Они говорили по-русски, с разными акцентами, с разной грамотностью в произношении простых слов. Национальность для них не играла никакой роли, главным стало другое.
Громко и с надрывом: один народ, один фюрер, один райх.
Хотя к народу-то они не относились. Они были другими, чужими, людьми второго сорта. А для своего народа, настоящего, большого и братского, стали теми, кем и были на самом деле — предателями. Но им было наплевать. Какая разница жидобольшевистским прихвостням до их формы и знаков различий? И еще больше тем, кто в этой форме до мыслей тех, кого они предали. Предали, прикрываясь лозунгами о свободе от красного рабства и коммуняк-евреев. Зато здесь лучше, вкуснее и жирнее кормят, и сами они — сильные, позволяющие себе все что угодно. Потому что в петлицах их офицеров по две серебристые руны, и они освобождают эту землю. От всех, включая детей.
— Дивись, камрад, яка гарна жидовка! У вас, москалей, таких бачив?

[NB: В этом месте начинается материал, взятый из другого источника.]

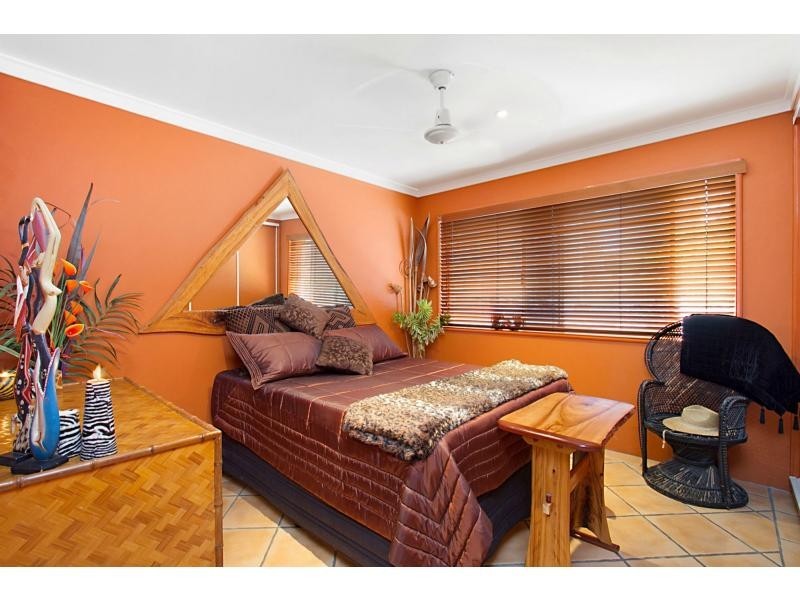 4/55 Hayle Street, Burleigh Heads QLD 4220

— Мм-м… эй, девка, а ну иди сюда!
…Сара бежит по улице, чавкая подошвами разбитых солдатских сапог. Похудевшая, слабая, но все ещё очень красивая. Сзади догоняют, хрипло дыша в спину. Удар по ногам, и чёрная липкая грязь летит прямо в лицо. Потом волосы, её всё ещё роскошные, как у мамы, волосы, накручивает в кулаке сильная рука. Рывок, Сара кричит, трое хохочут, тащат в сторону ближайшего сарая. Двери хлопают, крик Сары становится выше, захлёбывается. Потом кричит уже один из одетых в зеленоватую форму. Выстрелы, ещё…
Так было. Пусть никто не видел.
Она убила одного ударом мотыги, невесть кем забытой под пуками соломы. Вырвалась, в разодранной юбке и рубашке на груди. Сумела схватить черен, что увидела краем глаза, резко ударила, врубив тупое лезвие в горло дико смотревшему на неё тому самому Павлу, уже спустившему брюки. Автоматы его друзей ударили чуть позже.
Мама не плакала, просто долго стояла под проливным дождём, смотря в никуда. Отец, вернувшийся поздно ночью, не сказал ни слова, даже не подошёл к ней. На следующий день, когда их снова погнали на работу, задушил полицая, неосторожно оказавшегося в стороне от своих. Взял винтовку и ушёл через лес к гетто. Он, конечно, ошибся, поступая так. Нужно было выждать, наверное, нужно было выждать. Но можно как-то понять отца, чью дочь убили, когда она защищалась от насильников. И им, тем двум, родившимся на этой же земле, ничего не было. Ведь Сара была еврейкой, животным, рабом без прав. Отец вернулся в гетто за семьёй.
Его убили при всех, оставив в живых после двух ранений в ноги, когда окружили в самом конце улицы. Вывели всех евреев, выстроив в кольцо. Здоровенный и краснорожий эсэсовец ударил один раз, хакнув по-мясницки, снеся голову топором. Маму и младших повесили за полчаса перед этим, в устрашение. Тела, брошенные в канаву, ночью утащили первые партизаны, закопав здесь, на поляне в кольце рябин. В самых предгорьях. В такую же осень, в сорок первом оказавшуюся дождливой, страшной и кровавой. Камень с высеченными именами кто-то из оставшихся чудом в живых, поставил намного позже…
Давно поседевший мужчина, у которого кудри сгорели ещё под Сталинградом, стоял на коленях и только вздрагивал спиной и плечами. За него плакало небо.